The starting observation is that if $F \to E \xrightarrow{p} B$ is a smooth fiber bundle then

$$0 \to \text{ker}(p) \to T(E) \to p^{\ast}(T(B)) \to 0$$

gives a splitting of the tangent bundle of $E$. There are cohomological obstructions to such splittings existing in general, which we can compute. The upshot is that if $E$ is a simply connected (so it has no nontrivial covers) closed smooth manifold whose tangent bundle has no nontrivial subbundles, then $[E]$ does not participate in any of the interesting relations defining $R$, and in particular cannot lie in the subring of $R$ generated by manifolds of dimension smaller than $\dim E$. Hence to show that $R$ is not finitely generated it suffices to write down a sequence of such $E$ of arbitrarily large dimension.
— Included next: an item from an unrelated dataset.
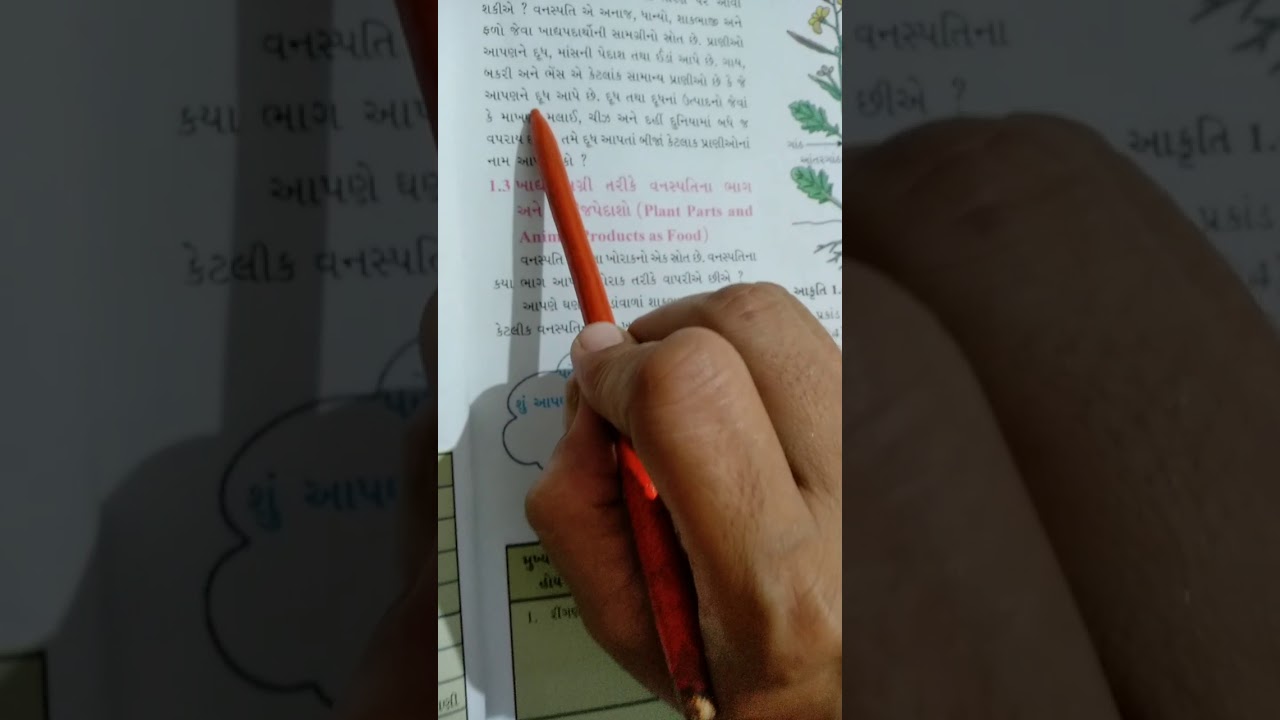 Std 6 Gujarati Medium lecture of Science YouTube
But this is standard: we can take the even-dimensional spheres $S^{2n}$. First, observe that because $S^{2n}$ is simply connected, it has no nontrivial covering spaces, and in addition every real vector bundle over $S^{2n}$ is orientable, hence has well-defined Euler classes (after picking an orientation). Second, the Euler class $e(T)$ of the tangent bundle is $2$ times a generator of $H^{2n}(S^{2n})$, and in particular does not vanish. Since the Euler class is multiplicative with respect to direct sum, if $T = T_1 \oplus T_2$ is a nontrivial splitting of the tangent bundle then $e(T) = e(T_1) e(T_2)$. But the cohomology groups that $e(T_1)$ and $e(T_2)$ live in both vanish for $S^{2n}$; contradiction. Hence the tangent bundle of $S^{2n}$ admits no nontrivial splittings, and so $S^{2n}$ is not the total space of any nontrivial smooth fiber bundle of closed smooth manifolds.
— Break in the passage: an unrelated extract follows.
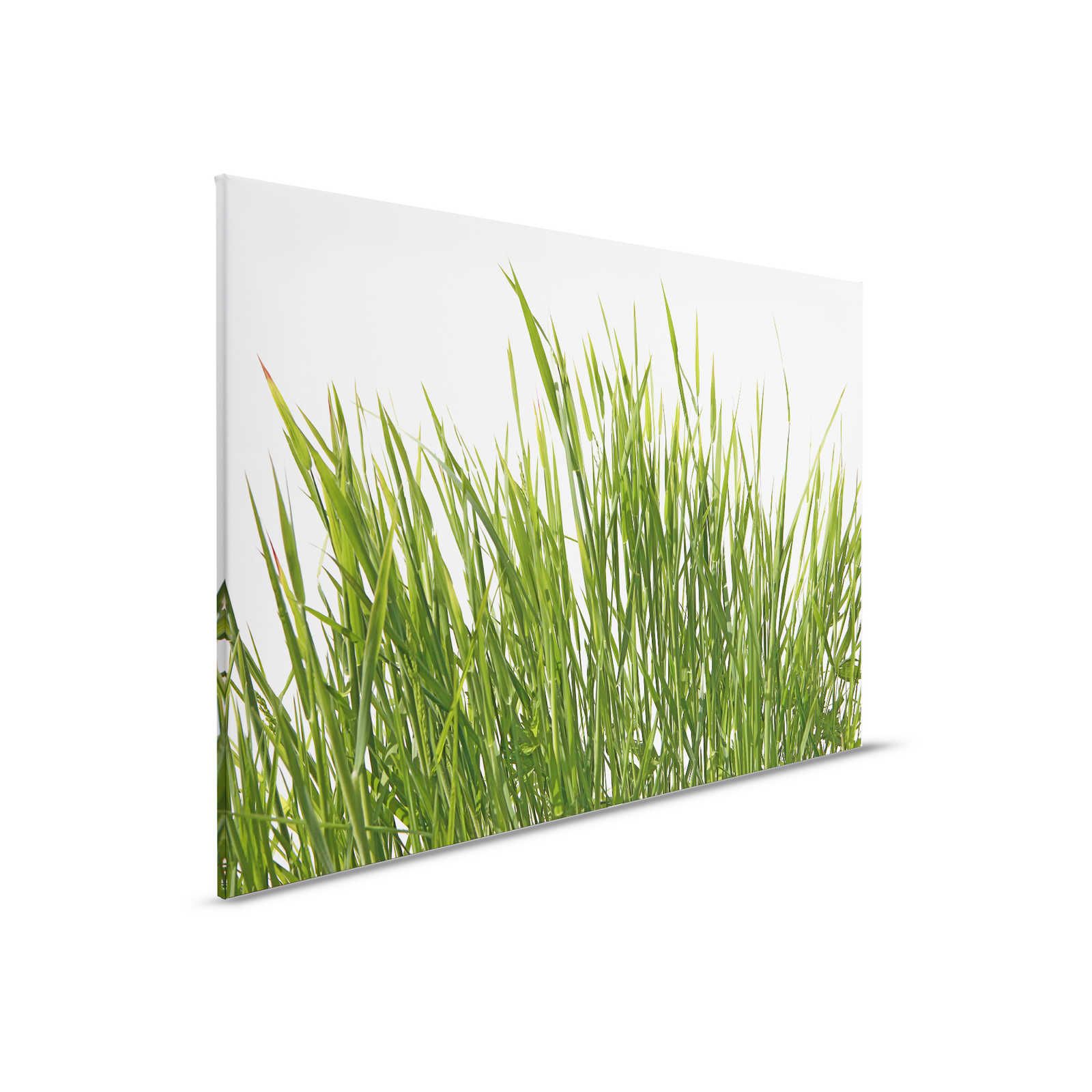         Canvas painting Grasses detail with white background - 0,90 m x 0,60 m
(Maybe this argument can be rescued in the topological setting using tangent microbundles?)

(Strictly speaking this argument's not quite complete: we also need to show that there aren't any interesting bundles with total space the disjoint union of $S^{2n}$ with something else. But fiber bundle maps $p : E \to B$ are open, so the image of $S^{2n}$ under such a map is a connected component of the base, and we can restrict our attention to this connected component without loss of generality. Then $E$ breaks up, as a fiber bundle, as a disjoint union of $S^{2n}$ and whatever else, and we can restrict our attention to $S^{2n}$ again without loss of generality. In other words, in the defining relations we can assume that $E$ and $B$ are both connected without loss of generality.)